Anoche, en la Misa del Gallo, escuchábamos cómo narra Lucas
el nacimiento de Jesús. La gloria de Dios y la paz que Él nos ofrece se
manifiestan en ese niño “envuelto en
pañales y acostado en un pesebre”. Pequeño, pobre, vulnerable. Dios nos
trae la salvación y la vida, y para ello necesita nuestra acogida, nuestra
colaboración, nuestro cuidado.
Las lecturas de hoy nos invitan a reflexionar sobre este
misterio, descubriendo a Jesús de Nazaret como la Palabra eterna del Padre, “reflejo de su gloria, impronta de su ser”. La
sabiduría que “sostiene todo con su
palabra poderosa” (Heb. 1,3), pues “el
mundo se hizo por medio de Él” (Jn 1, 10). Luz que “ilumina a todo hombre”, que nos da
a conocer a Dios (ese Dios que intuimos, pero “a quien nadie ha visto jamás”), que nos trae “la gracia y la verdad” y nos
hace capaces de hacernos “hijos de Dios” (Jn
1, 9.11).
La carta a los Hebreos nos invita a la adoración. Ponernos
en silencio y actitud de escucha ante Jesús.

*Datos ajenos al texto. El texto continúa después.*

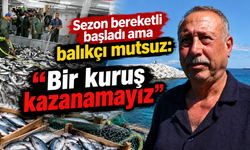 Sezon bereketli başladı ama balıkçı mutsuz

“ Una palabra habló el Padre,
que fue su Hijo,
y ésta habla en
eterno silencio,
y en silencio ha de
ser oída del alma ”
(San Juan de la Cruz)
Lc 2, 14 se suele traducir “Gloria a Dios en el cielo y paz a los hombres de buena voluntad”. Pero
Lucas se refiere a la “buena voluntad” de
Dios. Él, por su buena voluntad, ofrece
la paz: no sólo a los buenos (ay, esa
tendencia nuestra a dividir el mundo en buenos
y malos), sino a todos. Él es la
bondad y la paz que estamos llamados a acoger y asimilar.